Rumours are at the same time challenging and contentious. Archival material in historical research is often laced with gossip, sanitised and raw, lingering and vague, unreliable and obscure ... shadowy.
By nature this stuff is far from the reliable source material required for the writing of, or the 'righting' of, histories as they happened.
However, the uncertainty that is characteristic for rumours opens up a chance to understand knowledge that is in the making. Say, by looking at reports of rape and pillage there is much to trust or distrust. People grapple with contradictory information and try to evaluate its credibility and its sources.
In moments of crisis, rumour mongering functions as a kind of narrative that offers a way to come to terms with a collection of fears and to kind of establish some kind of order.

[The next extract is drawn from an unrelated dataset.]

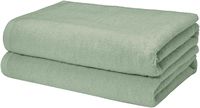 AmazonBasics Quick-Dry Bath Towels, 100% Cotton, Set of 2, Seafoam Green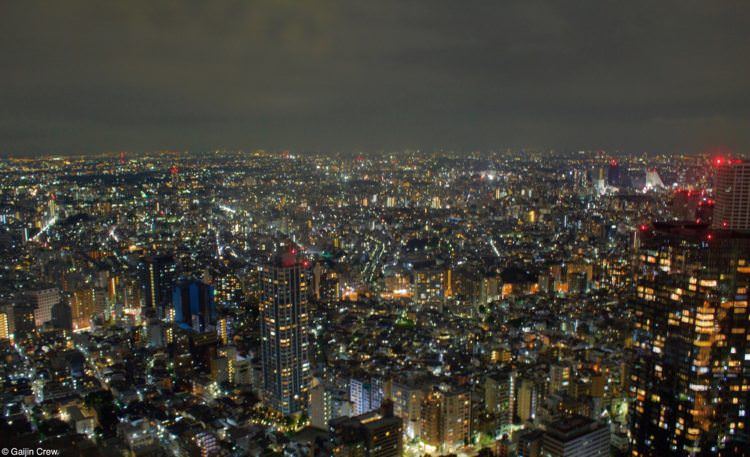 View from Shinjuku Government building - The Ultimate Tokyo City Guide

In the end, rumours become a collective stories that help historians, commentators, et al understand the ambiguousness and the uncertainty that can challenge and destabilize power structures.
A focus on rumours allows us to embrace uncertainty, fuzziness and speechlessness in divining reliableness and unreliableness. Local politics is full to the brim with 'this stuff' and come what may at election time those looking for it will surely find some.
To be straight up, gossip, is a form of retaliation. If one is trying to get back at a person who has offended them, talking about them behind their back happens, and the fear of it tends to 'govern' opinion and more still.
It has ever been thus, it will ever be so and let us not forget!